Copy out exactly the stretch below, from the line with "Rollkragen Sweater" through the line with "Mecha Storm on Nintendo Network Mecha Storm", both included; the pictures stay out.

START DATA EXCERPTS

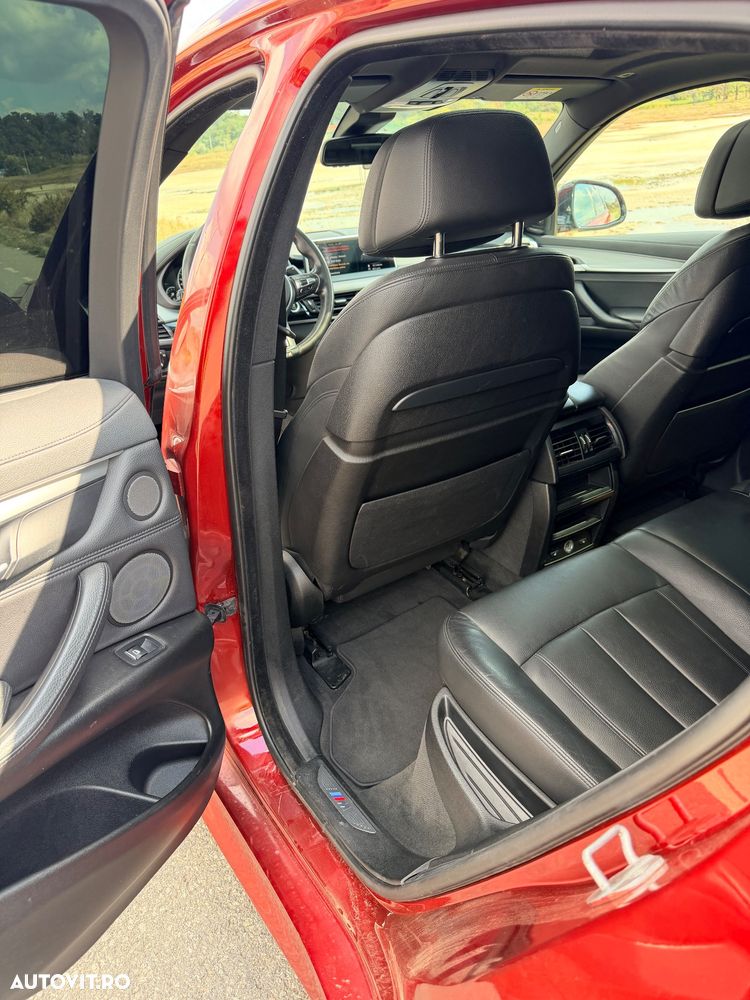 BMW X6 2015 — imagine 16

END DATA EXCERPTS
START DATA EXCERPTS

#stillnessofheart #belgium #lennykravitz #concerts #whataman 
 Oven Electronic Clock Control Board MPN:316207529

END DATA EXCERPTS
START DATA EXCERPTS

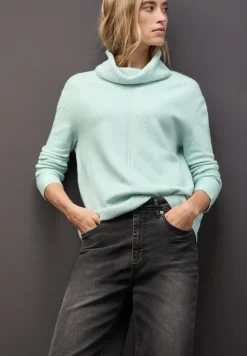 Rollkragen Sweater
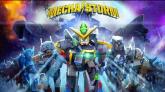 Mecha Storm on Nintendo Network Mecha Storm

END DATA EXCERPTS

◆ WRITTEN REPLY:
 Rollkragen Sweater
 Mecha Storm on Nintendo Network Mecha Storm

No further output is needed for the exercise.